Crawled caption data
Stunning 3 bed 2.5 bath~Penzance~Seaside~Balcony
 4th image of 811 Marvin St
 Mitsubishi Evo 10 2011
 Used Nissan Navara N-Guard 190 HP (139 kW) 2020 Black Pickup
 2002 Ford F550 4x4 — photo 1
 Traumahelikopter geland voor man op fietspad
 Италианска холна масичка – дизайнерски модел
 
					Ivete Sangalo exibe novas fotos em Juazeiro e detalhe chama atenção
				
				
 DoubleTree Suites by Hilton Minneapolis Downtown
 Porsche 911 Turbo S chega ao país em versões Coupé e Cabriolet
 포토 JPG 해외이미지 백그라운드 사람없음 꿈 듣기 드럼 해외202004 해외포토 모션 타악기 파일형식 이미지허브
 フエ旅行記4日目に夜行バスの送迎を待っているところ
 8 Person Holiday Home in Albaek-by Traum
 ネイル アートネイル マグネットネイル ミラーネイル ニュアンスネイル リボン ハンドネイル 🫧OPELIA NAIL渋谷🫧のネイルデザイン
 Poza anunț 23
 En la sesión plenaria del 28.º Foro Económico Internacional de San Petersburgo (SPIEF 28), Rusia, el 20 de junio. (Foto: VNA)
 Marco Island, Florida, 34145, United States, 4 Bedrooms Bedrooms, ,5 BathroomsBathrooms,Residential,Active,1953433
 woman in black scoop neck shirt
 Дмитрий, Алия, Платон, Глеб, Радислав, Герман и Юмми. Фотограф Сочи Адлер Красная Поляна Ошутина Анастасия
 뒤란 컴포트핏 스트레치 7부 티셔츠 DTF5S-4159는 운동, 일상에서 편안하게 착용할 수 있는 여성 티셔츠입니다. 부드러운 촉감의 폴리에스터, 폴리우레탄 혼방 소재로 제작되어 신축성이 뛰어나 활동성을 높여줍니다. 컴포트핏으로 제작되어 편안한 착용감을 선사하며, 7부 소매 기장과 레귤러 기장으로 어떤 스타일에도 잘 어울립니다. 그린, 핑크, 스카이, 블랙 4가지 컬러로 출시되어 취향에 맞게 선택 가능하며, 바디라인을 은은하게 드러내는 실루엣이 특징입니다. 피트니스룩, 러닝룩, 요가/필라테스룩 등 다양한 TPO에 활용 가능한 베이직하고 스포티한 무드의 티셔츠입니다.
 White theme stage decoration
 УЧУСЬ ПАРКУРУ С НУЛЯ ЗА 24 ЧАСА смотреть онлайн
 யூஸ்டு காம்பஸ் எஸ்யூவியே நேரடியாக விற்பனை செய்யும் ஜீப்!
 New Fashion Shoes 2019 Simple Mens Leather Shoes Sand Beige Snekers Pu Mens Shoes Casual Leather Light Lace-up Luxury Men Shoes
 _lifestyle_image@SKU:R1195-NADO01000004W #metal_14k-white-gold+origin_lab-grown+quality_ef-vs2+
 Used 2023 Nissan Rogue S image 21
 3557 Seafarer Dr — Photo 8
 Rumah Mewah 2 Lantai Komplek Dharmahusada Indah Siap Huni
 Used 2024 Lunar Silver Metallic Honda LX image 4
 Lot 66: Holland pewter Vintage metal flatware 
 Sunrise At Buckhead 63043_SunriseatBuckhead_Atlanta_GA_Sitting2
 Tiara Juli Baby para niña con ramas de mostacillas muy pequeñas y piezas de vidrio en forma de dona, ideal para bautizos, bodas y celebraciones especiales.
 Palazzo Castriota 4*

(TASK INSTRUCTIONS): The required output is the exact run of lines from the one with "Sunrise At Buckhead" through the final line of the entries.

(EXPECTED ANSWER):
 Sunrise At Buckhead 63043_SunriseatBuckhead_Atlanta_GA_Sitting2
 Tiara Juli Baby para niña con ramas de mostacillas muy pequeñas y piezas de vidrio en forma de dona, ideal para bautizos, bodas y celebraciones especiales.
 Palazzo Castriota 4*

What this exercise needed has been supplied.